*WHAT IS EXPECTED:* The answer is all of the data repeated exactly, with each picture omitted.
SUPPLIED MATERIAL START
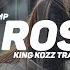 Lil Pump D Rose King Kozz Trap Remix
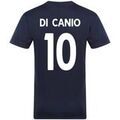T-shirt West Ham United Fc Di Canio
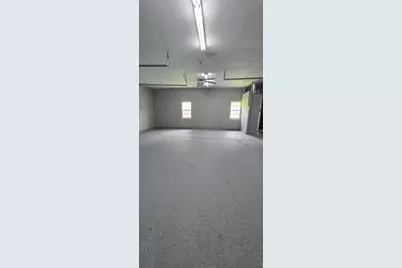 2602 Richmond Road, Wharton, TX 77488 - Photo 11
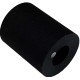 -/ Ролик подхвата (Long Life, New) 2F906240 для KYOCERA ECOSYS P2035d/2135dn/M2030dn/2035dn/2535dn (CET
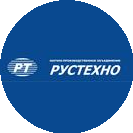 ��� ��������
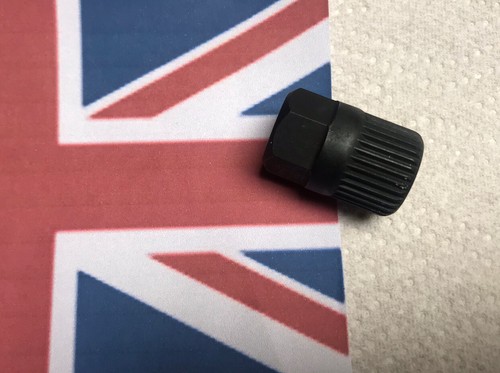 Tooth spline - 🇬🇧33,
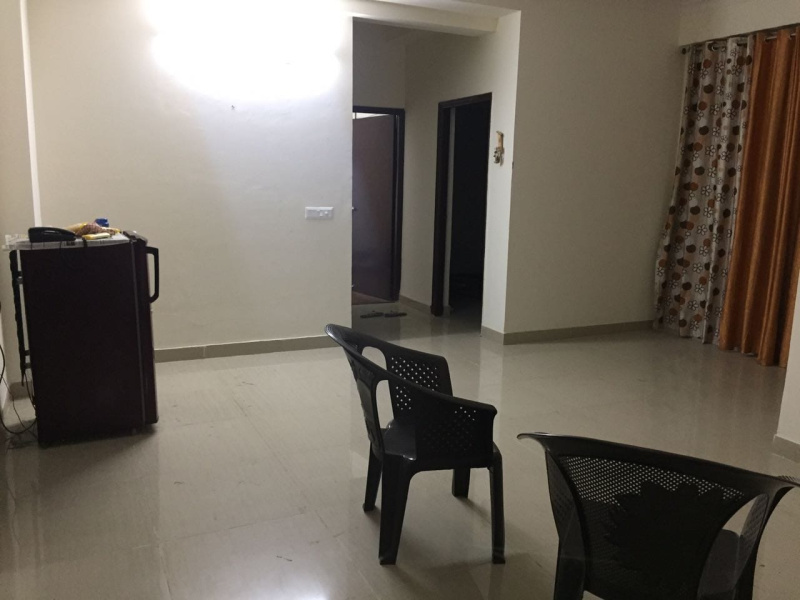 Additional image 3 of Siddharth  Vihar, Ghaziabad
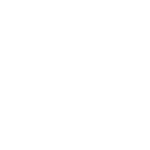 CARBOGEL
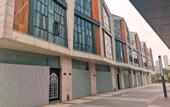 Туры в отель Zhenhe Yiting Hotel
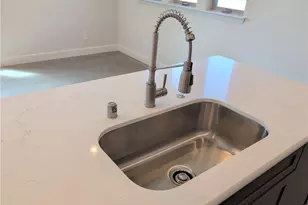 1436 Ronald Way, Oceano, CA 93445 - Photo 5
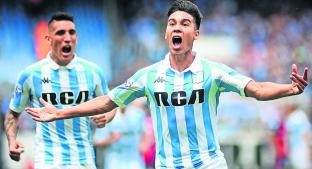 Ricardo Peláez y Pedro Caixinha del Curz Azul buscan dos refuerzos para el Apertura 2019. Noticias en tiempo real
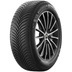 Tires Michelin CROSSCLIMATE 2 FR 245/50 R18 100W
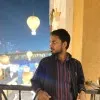 Rizwan Pathan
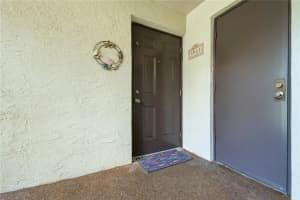 9331 SW 23rd St APT 3501, Davie, FL 33324, Sold 05/10/22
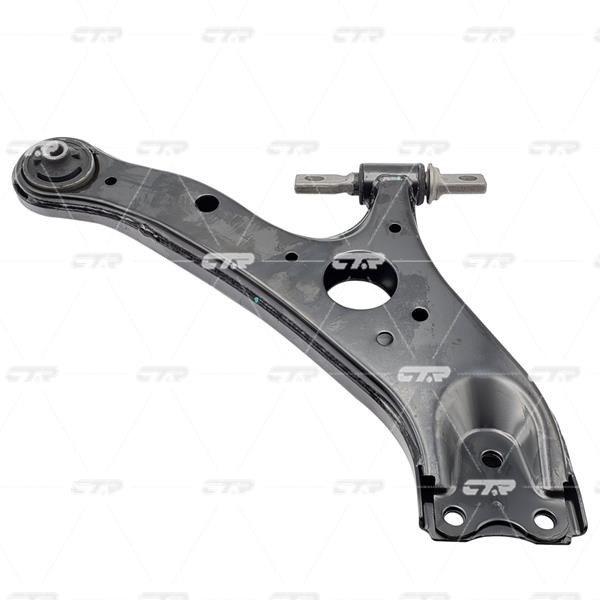 CTR Track Control Arm – price 234 PLN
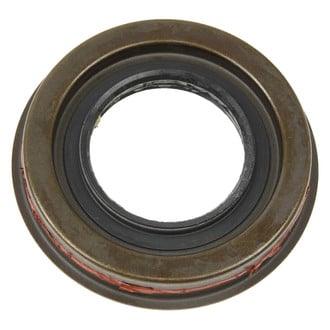Genuine® - Differential Pinion Seal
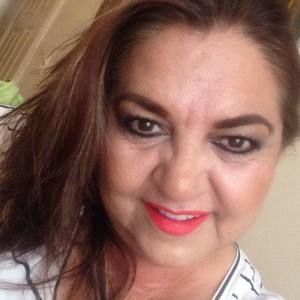 Meet your Posher, Bertha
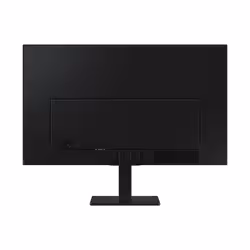 Samsung S30GD écran plat de PC 68,6 cm (27") 1920 x 1080 pixels Full HD LCD Noir - Vue supplémentaire 3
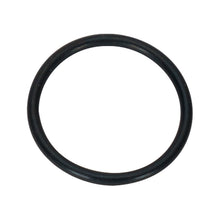 Load image into Gallery viewer, Wilwood o-ring 2-018 .739 ID 210B/K (compact M/C body)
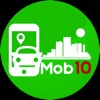 Mob10 - Cliente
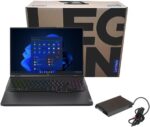 Legion Pro 5 16IRX9 (New BOX)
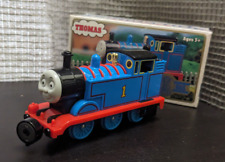 Bandai ertl shining for sale  Portland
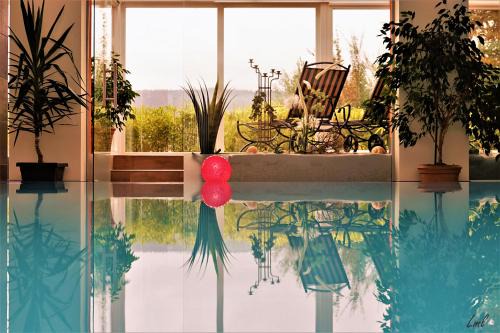 Augsdorf Hotel | Flairhotel am Wörthersee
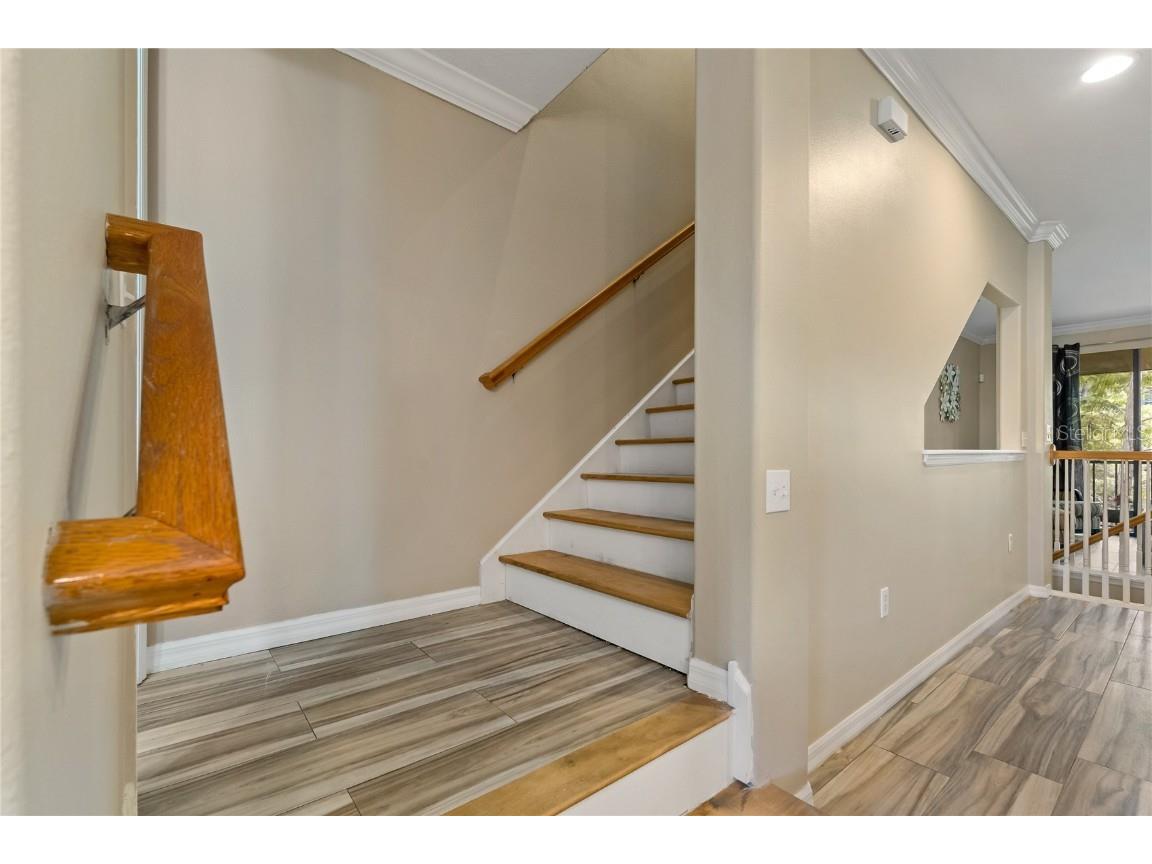 9612 Bay Grove Lane Tampa FL 33615 TB8429608 image18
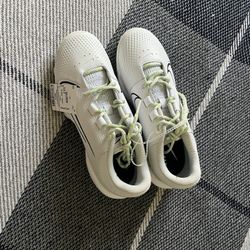 Tenis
SUPPLIED MATERIAL END
*SOLUTION:*
 Lil Pump D Rose King Kozz Trap Remix
T-shirt West Ham United Fc Di Canio
 2602 Richmond Road, Wharton, TX 77488 - Photo 11
 -/ Ролик подхвата (Long Life, New) 2F906240 для KYOCERA ECOSYS P2035d/2135dn/M2030dn/2035dn/2535dn (CET
 ��� ��������
 Tooth spline - 🇬🇧33,
 Additional image 3 of Siddharth  Vihar, Ghaziabad
 CARBOGEL
 Туры в отель Zhenhe Yiting Hotel
 1436 Ronald Way, Oceano, CA 93445 - Photo 5
 Ricardo Peláez y Pedro Caixinha del Curz Azul buscan dos refuerzos para el Apertura 2019. Noticias en tiempo real
 Tires Michelin CROSSCLIMATE 2 FR 245/50 R18 100W
 Rizwan Pathan
 9331 SW 23rd St APT 3501, Davie, FL 33324, Sold 05/10/22
 CTR Track Control Arm – price 234 PLN
Genuine® - Differential Pinion Seal
 Meet your Posher, Bertha
 Samsung S30GD écran plat de PC 68,6 cm (27") 1920 x 1080 pixels Full HD LCD Noir - Vue supplémentaire 3
 Load image into Gallery viewer, Wilwood o-ring 2-018 .739 ID 210B/K (compact M/C body)
 Mob10 - Cliente
 Legion Pro 5 16IRX9 (New BOX)
 Bandai ertl shining for sale  Portland
 Augsdorf Hotel | Flairhotel am Wörthersee
 9612 Bay Grove Lane Tampa FL 33615 TB8429608 image18
 Tenis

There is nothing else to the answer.